Sentiment analysis is by far one of the most popular features of text analytics. As a search term in Google, it went from almost non-existent in 2004 and peaked last year.
According to a study by the University of Oulu (OYO) in Finland (Mäntylä et al., 2018), 99% of the papers on the topic of sentiment analysis were published after 2004. This study performed topic mining on 6,996 papers from the publisher Elsevier’s abstract and citation database called “Scopus.” According to Elsevier, this is the largest abstract and citation database of peer-reviewed literature in the world.
Furthermore, this study corroborates our findings from Google Trends. According to the researchers at OYO, sentiment analysis is “one of the fastest growing research areas in computer science.” The study also shows that the availability of online product reviews was one of the key drivers for sudden growth. What is absolutely fascinating about this study is that only 101 papers about this topic were published in 2005, but then in 2015, the number jumped to nearly 5,699. This is almost a 5,542% increase in just ten years!
Figure 1. Google Searches on Sentiment Analysis Over Time (Google Trends, 2019)
According to one of the most preeminent scholars in the area of text analytics, Professor Bing Lui Ph.D. (UIC), sentiment analysis is defined as follows, “Sentiment analysis, also called opinion mining, is the field of study that analyzes people’s opinion, sentiments, appraisals, attitudes, and emotions toward entities and their attributes expressed in the written text. The term sentiment analysis is more often used in industry and the term and opinion mining is most often used in the world of academia.”
The general process of sentiment analysis involves the following steps shown below. Many of these items were discussed in previous blogs (Step One, Step Two, Step Three, Step Four, and Step Five) within our “Advanced Analytics” series.
Figure 2. Illustration of the Sentiment Analysis Process (medium.com, 2018)
The first few steps in this process are related to data pre-processing, and are the most critical to get correct (to avoid “garbage in, garbage out”). Here is a summary of each of the steps displayed above:
Text Input: Inputting text to begin the process
Tokenization: Isolating individual words from a body of text
Stop Word Filtering: Removing words such as “the,” “a,” “an,” and “in”

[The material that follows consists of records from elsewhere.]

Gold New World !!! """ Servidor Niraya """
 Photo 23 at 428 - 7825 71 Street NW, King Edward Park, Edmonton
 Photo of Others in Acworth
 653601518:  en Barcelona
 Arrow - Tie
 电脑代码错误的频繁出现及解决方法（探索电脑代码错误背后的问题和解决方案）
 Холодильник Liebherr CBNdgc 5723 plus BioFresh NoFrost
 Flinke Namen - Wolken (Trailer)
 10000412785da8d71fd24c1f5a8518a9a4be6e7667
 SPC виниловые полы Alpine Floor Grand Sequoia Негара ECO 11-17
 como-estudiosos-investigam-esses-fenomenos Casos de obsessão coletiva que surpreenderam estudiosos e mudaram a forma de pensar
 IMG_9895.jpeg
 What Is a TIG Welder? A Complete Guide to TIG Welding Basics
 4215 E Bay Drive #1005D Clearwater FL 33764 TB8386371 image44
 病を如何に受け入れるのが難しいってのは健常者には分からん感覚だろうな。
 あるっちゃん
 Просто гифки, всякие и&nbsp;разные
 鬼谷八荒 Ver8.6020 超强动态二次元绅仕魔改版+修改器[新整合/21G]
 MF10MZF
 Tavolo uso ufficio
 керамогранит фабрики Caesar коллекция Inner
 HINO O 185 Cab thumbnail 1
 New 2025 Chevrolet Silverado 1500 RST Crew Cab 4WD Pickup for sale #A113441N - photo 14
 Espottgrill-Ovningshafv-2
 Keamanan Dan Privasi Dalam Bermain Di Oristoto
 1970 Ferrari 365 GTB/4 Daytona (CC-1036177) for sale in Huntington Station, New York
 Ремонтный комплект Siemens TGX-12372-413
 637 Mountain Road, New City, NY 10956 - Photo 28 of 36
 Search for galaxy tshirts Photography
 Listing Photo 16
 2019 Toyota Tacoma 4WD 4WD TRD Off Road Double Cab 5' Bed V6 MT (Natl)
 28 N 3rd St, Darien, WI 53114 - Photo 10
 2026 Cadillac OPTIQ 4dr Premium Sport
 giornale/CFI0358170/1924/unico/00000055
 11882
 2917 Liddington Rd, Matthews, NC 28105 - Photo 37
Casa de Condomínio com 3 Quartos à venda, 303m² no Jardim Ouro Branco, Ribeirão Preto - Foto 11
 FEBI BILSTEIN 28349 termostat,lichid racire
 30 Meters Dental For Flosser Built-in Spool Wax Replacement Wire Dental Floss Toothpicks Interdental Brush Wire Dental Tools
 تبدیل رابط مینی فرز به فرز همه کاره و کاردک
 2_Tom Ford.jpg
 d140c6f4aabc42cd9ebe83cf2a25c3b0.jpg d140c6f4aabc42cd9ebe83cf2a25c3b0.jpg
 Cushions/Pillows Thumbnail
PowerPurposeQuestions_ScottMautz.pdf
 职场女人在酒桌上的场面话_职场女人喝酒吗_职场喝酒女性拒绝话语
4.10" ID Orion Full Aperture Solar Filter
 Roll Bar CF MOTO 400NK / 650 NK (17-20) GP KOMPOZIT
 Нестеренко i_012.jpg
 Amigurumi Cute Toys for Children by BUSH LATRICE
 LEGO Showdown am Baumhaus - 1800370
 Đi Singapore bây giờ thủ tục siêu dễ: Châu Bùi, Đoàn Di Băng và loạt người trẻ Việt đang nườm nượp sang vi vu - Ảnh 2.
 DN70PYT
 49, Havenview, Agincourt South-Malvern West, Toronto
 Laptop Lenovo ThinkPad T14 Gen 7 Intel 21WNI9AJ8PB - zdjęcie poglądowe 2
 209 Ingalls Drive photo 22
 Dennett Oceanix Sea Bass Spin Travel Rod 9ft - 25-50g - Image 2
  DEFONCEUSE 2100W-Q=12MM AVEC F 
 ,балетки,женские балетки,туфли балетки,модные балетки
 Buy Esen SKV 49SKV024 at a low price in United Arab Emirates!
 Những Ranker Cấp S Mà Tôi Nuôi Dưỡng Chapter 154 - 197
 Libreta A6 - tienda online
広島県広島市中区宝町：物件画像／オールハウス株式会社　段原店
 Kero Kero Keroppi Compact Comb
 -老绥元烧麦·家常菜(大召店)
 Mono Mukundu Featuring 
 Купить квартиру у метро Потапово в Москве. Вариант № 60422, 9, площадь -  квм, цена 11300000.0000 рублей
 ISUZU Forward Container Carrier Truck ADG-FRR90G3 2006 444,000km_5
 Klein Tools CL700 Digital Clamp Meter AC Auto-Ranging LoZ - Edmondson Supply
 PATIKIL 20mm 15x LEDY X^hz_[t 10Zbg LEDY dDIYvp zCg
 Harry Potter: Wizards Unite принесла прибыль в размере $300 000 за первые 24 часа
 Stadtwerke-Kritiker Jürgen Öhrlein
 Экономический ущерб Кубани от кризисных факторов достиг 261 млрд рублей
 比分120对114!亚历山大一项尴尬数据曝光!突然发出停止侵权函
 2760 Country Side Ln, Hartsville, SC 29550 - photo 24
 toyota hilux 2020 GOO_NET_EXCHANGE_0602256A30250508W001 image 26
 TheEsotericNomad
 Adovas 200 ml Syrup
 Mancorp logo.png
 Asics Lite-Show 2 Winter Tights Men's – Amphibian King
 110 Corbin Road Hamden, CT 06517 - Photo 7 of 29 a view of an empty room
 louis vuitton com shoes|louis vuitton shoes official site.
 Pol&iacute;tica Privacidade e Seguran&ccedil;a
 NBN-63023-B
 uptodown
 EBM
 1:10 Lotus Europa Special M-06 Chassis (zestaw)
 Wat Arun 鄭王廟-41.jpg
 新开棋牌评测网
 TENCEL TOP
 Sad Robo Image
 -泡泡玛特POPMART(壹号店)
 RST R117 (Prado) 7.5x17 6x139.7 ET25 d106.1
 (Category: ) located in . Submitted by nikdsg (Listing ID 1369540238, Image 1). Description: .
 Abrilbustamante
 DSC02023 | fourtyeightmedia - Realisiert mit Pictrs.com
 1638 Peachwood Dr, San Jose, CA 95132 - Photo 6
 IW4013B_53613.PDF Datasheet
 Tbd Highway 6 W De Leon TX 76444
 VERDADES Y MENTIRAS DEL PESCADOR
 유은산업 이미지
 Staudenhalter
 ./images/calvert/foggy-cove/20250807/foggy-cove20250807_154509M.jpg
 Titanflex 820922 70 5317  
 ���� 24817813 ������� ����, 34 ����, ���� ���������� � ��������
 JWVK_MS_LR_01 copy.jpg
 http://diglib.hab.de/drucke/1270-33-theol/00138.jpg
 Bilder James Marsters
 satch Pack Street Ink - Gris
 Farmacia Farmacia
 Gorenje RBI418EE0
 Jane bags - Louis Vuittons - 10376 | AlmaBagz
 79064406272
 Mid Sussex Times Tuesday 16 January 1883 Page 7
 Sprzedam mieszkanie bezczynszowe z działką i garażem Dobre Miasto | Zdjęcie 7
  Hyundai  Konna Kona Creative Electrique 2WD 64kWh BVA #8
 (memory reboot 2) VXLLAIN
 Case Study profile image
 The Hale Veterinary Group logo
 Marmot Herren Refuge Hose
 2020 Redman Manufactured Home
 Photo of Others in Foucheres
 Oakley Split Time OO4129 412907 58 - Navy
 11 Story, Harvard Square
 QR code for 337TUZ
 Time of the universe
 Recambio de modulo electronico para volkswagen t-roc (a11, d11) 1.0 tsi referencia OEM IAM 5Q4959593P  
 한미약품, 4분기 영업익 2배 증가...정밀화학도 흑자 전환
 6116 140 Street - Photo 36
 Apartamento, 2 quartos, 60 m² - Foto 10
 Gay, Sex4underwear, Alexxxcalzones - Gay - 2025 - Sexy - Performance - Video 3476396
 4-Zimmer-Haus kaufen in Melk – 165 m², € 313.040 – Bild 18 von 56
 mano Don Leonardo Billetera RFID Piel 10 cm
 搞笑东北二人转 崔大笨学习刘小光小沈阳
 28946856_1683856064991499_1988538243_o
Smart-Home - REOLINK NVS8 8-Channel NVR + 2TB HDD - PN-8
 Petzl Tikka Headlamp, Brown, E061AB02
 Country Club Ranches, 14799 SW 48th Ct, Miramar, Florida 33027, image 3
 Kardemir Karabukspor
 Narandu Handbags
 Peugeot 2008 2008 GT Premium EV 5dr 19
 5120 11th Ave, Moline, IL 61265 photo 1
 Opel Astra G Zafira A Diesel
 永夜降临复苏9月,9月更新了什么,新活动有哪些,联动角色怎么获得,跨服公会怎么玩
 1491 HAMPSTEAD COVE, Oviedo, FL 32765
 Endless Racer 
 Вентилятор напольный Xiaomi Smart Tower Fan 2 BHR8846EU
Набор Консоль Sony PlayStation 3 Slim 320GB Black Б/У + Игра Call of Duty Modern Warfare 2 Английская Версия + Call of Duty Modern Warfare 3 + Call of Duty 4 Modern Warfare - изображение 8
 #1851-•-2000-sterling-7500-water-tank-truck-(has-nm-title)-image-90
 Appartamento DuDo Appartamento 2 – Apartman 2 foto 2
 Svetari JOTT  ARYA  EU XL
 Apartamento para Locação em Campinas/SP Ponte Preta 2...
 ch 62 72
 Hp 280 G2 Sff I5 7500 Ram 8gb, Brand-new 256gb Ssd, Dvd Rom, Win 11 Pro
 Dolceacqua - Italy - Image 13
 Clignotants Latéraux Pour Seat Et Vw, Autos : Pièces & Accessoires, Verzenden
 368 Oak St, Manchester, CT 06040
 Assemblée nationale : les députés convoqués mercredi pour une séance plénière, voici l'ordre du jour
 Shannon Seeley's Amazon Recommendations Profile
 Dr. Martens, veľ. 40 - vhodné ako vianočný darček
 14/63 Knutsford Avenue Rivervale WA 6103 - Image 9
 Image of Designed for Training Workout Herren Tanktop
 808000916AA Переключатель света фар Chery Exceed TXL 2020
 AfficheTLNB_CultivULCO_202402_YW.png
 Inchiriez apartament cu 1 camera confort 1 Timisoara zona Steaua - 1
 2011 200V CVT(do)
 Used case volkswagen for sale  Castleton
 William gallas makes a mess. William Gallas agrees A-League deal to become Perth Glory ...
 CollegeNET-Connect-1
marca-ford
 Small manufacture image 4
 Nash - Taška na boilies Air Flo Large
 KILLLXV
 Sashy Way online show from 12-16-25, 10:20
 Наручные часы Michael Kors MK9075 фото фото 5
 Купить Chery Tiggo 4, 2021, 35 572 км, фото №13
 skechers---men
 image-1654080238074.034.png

Negation Handling: Comprehending the effect negative words have on a sentence
Stemming: Reducing words to their root meaning to improve the odds of finding variant meanings of the same word
Once these steps are completed, then we’re able to move on to the actual process of analyzing sentiments. Here is a summary of each of the final steps:
Classification: Determining the positive or negative tone of text
Sentiment Class: Associating the text with a sentiment class
There are several types of sentiment analysis and this is by no means an exhaustive list. The point here is to make sure that you are aware that there are multiple dimensions involved in getting the complete picture of sentiment. We can have sentiments related to:
Polarity (positive, negative, neutral): This is a 30,000-foot view of sentiment
Emotions (angry, happy, sad, etc.): We can look for keywords that would give us a sense of the person’s emotions when they expressed their opinion; this could either be direct or inferred emotions
Intentions (e.g. interested v. not interested): Perhaps one of the most difficult and valuable is to determine true intent; there is a great article in the Harvard Business Review, which questions the true predictive power of sentiment analysis in measuring true intentions
Fine-grained (amount of polarity, emotion, or intention): It’s not enough to simply say a person was negative or angry because it may not provide the full context of their experience
Aspect-based sentiment analysis (product or service related): Lastly, it’s critical to assess, if possible, a person’s experience with a product or service.